The next piece needed beyond simple join-on-node is a set of logic which tells you when *not* to join data. OpenStreetMap already has the concept of a ‘layer’ — layers determine rendering order, but they also (essentially) determine the ordering on the earth. A bridge has a higher layer than a street, so they shouldn’t be merged topologically.

But what if they’re at the same layer, but not connected? (I can’t envision this, but suppose it happens.) The way I look at it, the answer is that this is a special case, and an additional ‘junction’ (or ‘not-junction’) node can be appropriate here.

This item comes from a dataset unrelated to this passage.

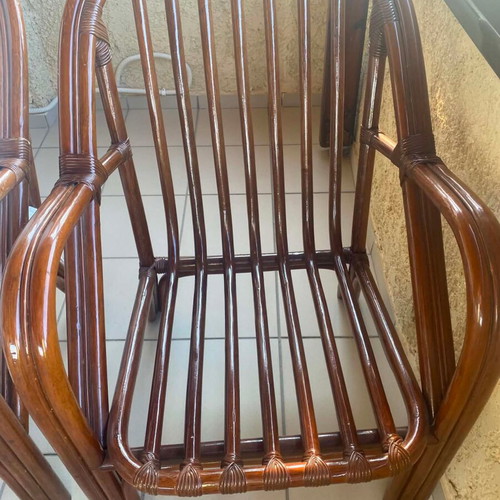 Bamboo chairs set of 4 like new with washable cushions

Maybe I’m wrong. I’ve been wrong plenty of times before 🙂 However, this is how I’ve worked so far, and it’s worked out for the data I’m working with. I know that Frederik and I disagree on it — and that’s fine. Brings vitality to the discussion. 🙂 It’s good to see others so interested in solving the succinctly stated problems brought to the fore by the paper he has put together with Jochen (available from remote.org).

There’s an additional concern, stated by Steve on the list:

And yes you’re right, topological is really useful since OSM is a wiki and we track changes in nodes. Otherwise moving an intersection of many roads would mean updating many linestrings not one node.

another mailing list post

This one is more interesting to me, because I feel like moving topology to the client actually turns editing a topological operation — after which, grouping the edits in the API should be simple. Updating multiple features at once is a ‘simple matter of programming’ that I can solve (given time/effort on my part). Certainly I’ve built a RESTful Feature API that supports this — but it’s Simple Feature-based, not topology based.

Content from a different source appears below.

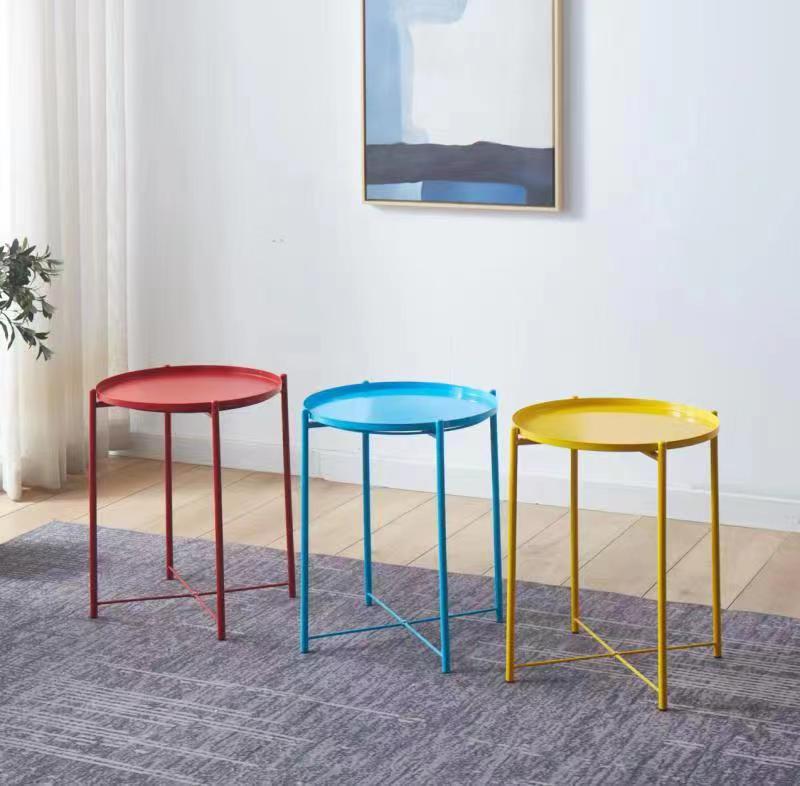 1 Tier Colourful Metal Round Side Table / Tray Table / Coffee Table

Does anyone have experience of creating GIS data from aerial imagery? This is the thing that I have the most experience with, after mapping out a decent sized city using Yahoo! Maps as a backdrop. What do you use in editing? What do you use for export? How does it all tie together?

5 Responses to “Topology vs. Simple Features, pt deux”

  1. Paul Ramsey Says:

    Many of the professional photogrammetry shops in British Columbia use some form of CAD or CAD-like software for their data capture, such as Microstation. However, this is probably more a function of history (these packages always had the most advanced data capture tools Back in the Day) than any sort of present-day efficiency analysis.

  2. dylan beaudette Says:

    Hi Chis. I have been following this conversation for a while now, and thought I would add a couple of points.

    It seems that you and the OSM people are approaching the same problem from very different angles, as dictated by need and past experience:

    Chris – interactions with vector data in web-based clients, simple API structure, etc. You want to work with simple features because they are *simple*. there is only so much you can do in a web browser with JS and creating support for topology is hard.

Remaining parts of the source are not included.